Ensuite, dès l’autorisation de création, un second volet d’une trentaine d’actions démarrerait à compter de fin 2022-début 2023, consistant à prolonger la structuration du territoire par l’amélioration des réseaux de transport, poursuivre le développement économique, structurer des filières d’excellence. 

La dimension sociale du contrat, notamment en termes de créations d'emplois, est-elle importante ?

En effet, il est essentiel que les créations d’emplois générées par Cigéo bénéficient aux populations du territoire. Au regard des premières projections réalisées par l’ANDRA, ce sont jusqu’à 2000 personnes qui pourraient bénéficier de l’effet d’entraînement du chantier. La question du recrutement, de la montée en compétences des salariés, mais également des services qui leur seront offerts, est au cœur de notre travail actuel.

Quel est le sentiment des habitants concernant le projet et ses retombées économiques et sociales ?

Par nature, ce n’est pas un projet consensuel. Une partie de la population se pose des questions légitimes auxquelles il nous faut apporter des réponses.

Ce dialogue doit avoir lieu dans un contexte apaisé. 

Les manifestations d’opposants violents et radicaux à Cigéo ont traumatisé les populations locales qui en ont été victimes. 

Le processus de dialogue doit maintenant reprendre et s’inscrire dans la durée pour que chacun s’approprie tous les enjeux liés à la gestion des déchets. 

Les retombées économiques et sociales de Cigéo sont encore mal perçues. L’enjeu sera de développer une communication adaptée sur le contrat de territoire. 

Observer l’environnement local

En 2007, l'Andra a mis en place un Observatoire pérenne de l'environnement (OPE) pour étudier les caractéristiques environnementales d’un territoire de 900 km² à la limite des départements de la Meuse et de la Haute-Marne. Au sein de cette zone, des études plus détaillées sont menées sur un secteur de référence d’environ 240 km2. L’objectif de l’OPE  est d'établir un suivi de l'environnement pendant toute la durée de l’exploitation de Cigéo. L’OPE s’intéressera à l’évolution dans le temps des milieux naturels et organismes (eau, air, sol, flore, faune, bactéries), ainsi que des activités humaines.

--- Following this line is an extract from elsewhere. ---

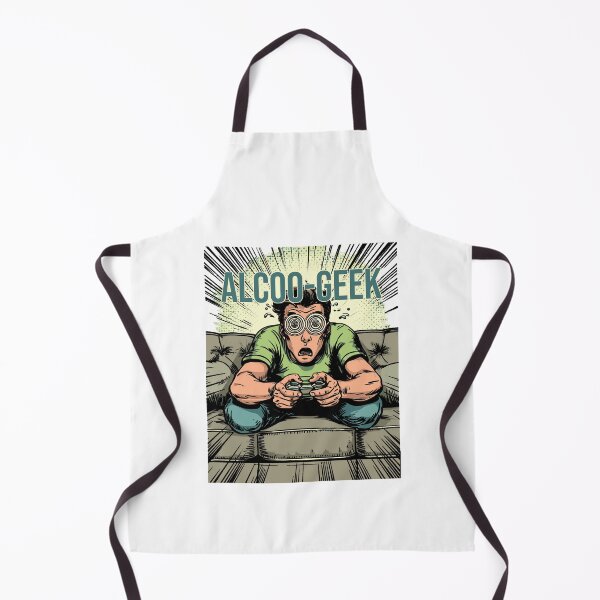 Item preview, ¡ALCO-GEEK! - ADICTO A LOS VIDEOJUEGOS designed and sold by francoisville.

Cet outil est unique en France de par la surface du territoire étudié et la durée d'études envisagée (100 ans).

Ecothèque au sein de l’observatoire de l’environnement (OPE)
L’écothèque © Andra

Avant le début des travaux d'aménagement de Cigéo, l'OPE établit pendant une période de plus de dix ans un état des lieux de l'environnement. Si le projet est autorisé, l'observatoire disposera ainsi d'indicateurs physiques, chimiques, biologiques et sociologiques permettant de détecter tout changement, aussi faible soit-il, au cours de l'exploitation de Cigéo. Le dispositif d'études comprend près de 3 500 points de suivi de la faune et de la flore, 20 stations de suivi des eaux de rivières, des données satellites et aériennes... Au total, l’OPE va récolter et analyser plus de 85 000 données par an. La pérennité des informations dans le temps sera assurée par une base de données couplée à un système de géolocalisation, et par l'écothèque, construite à Bure en 2013, qui conserve, à sec et en par cryogénie les échantillons prélevés.

Les espèces remarquables

Les études de l’OPE ont permis d’identifier les espèces remarquables qui vivent à proximité du futur centre de stockage profond. L’objectif est de veiller à leur préservation.
Au total, de 2009 à 2014, 28 espèces remarquables ont été inventoriées sur les secteurs de l’OPE (de 240 km2) au sein des écosystèmes terrestres et aquatiques. Parmi ces espèces, 3 sont protégées en Lorraine : la Spirée Fipendule, le Gaillet Boréale et l’Hippirus commun.